● Action item: Each line from the start of the records through the line containing "Foto 5 van Nieuwe" is to be transcribed exactly, and no other line is to be included.
--- Records ---
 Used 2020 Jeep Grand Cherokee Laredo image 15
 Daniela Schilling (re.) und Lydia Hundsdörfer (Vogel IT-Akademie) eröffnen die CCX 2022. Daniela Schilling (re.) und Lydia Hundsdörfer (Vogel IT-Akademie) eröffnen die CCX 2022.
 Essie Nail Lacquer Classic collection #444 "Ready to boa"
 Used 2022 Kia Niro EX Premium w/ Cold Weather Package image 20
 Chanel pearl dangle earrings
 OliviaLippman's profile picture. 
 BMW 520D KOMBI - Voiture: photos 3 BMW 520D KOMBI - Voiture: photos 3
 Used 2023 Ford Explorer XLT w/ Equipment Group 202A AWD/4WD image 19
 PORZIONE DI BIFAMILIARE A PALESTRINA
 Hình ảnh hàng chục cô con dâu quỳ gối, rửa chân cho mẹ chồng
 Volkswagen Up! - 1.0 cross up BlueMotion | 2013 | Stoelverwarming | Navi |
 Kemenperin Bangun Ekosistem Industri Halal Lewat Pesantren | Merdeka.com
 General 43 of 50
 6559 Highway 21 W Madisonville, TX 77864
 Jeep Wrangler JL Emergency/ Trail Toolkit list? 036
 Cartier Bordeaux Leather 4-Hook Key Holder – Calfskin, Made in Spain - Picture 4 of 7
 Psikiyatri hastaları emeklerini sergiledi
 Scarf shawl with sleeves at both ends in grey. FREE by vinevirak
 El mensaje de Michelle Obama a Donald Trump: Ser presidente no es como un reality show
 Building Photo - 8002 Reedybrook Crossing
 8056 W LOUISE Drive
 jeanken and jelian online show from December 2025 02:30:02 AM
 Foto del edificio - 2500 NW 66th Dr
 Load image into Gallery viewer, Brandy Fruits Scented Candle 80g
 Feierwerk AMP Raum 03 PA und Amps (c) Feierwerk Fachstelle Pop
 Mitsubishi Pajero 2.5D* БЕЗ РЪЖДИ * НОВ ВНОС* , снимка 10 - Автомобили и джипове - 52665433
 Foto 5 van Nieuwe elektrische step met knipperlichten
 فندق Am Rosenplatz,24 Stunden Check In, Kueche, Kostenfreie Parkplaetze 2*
---
● Expected answer:
 Used 2020 Jeep Grand Cherokee Laredo image 15
 Daniela Schilling (re.) und Lydia Hundsdörfer (Vogel IT-Akademie) eröffnen die CCX 2022. Daniela Schilling (re.) und Lydia Hundsdörfer (Vogel IT-Akademie) eröffnen die CCX 2022.
 Essie Nail Lacquer Classic collection #444 "Ready to boa"
 Used 2022 Kia Niro EX Premium w/ Cold Weather Package image 20
 Chanel pearl dangle earrings
 OliviaLippman's profile picture. 
 BMW 520D KOMBI - Voiture: photos 3 BMW 520D KOMBI - Voiture: photos 3
 Used 2023 Ford Explorer XLT w/ Equipment Group 202A AWD/4WD image 19
 PORZIONE DI BIFAMILIARE A PALESTRINA
 Hình ảnh hàng chục cô con dâu quỳ gối, rửa chân cho mẹ chồng
 Volkswagen Up! - 1.0 cross up BlueMotion | 2013 | Stoelverwarming | Navi |
 Kemenperin Bangun Ekosistem Industri Halal Lewat Pesantren | Merdeka.com
 General 43 of 50
 6559 Highway 21 W Madisonville, TX 77864
 Jeep Wrangler JL Emergency/ Trail Toolkit list? 036
 Cartier Bordeaux Leather 4-Hook Key Holder – Calfskin, Made in Spain - Picture 4 of 7
 Psikiyatri hastaları emeklerini sergiledi
 Scarf shawl with sleeves at both ends in grey. FREE by vinevirak
 El mensaje de Michelle Obama a Donald Trump: Ser presidente no es como un reality show
 Building Photo - 8002 Reedybrook Crossing
 8056 W LOUISE Drive
 jeanken and jelian online show from December 2025 02:30:02 AM
 Foto del edificio - 2500 NW 66th Dr
 Load image into Gallery viewer, Brandy Fruits Scented Candle 80g
 Feierwerk AMP Raum 03 PA und Amps (c) Feierwerk Fachstelle Pop
 Mitsubishi Pajero 2.5D* БЕЗ РЪЖДИ * НОВ ВНОС* , снимка 10 - Автомобили и джипове - 52665433
 Foto 5 van Nieuwe elektrische step met knipperlichten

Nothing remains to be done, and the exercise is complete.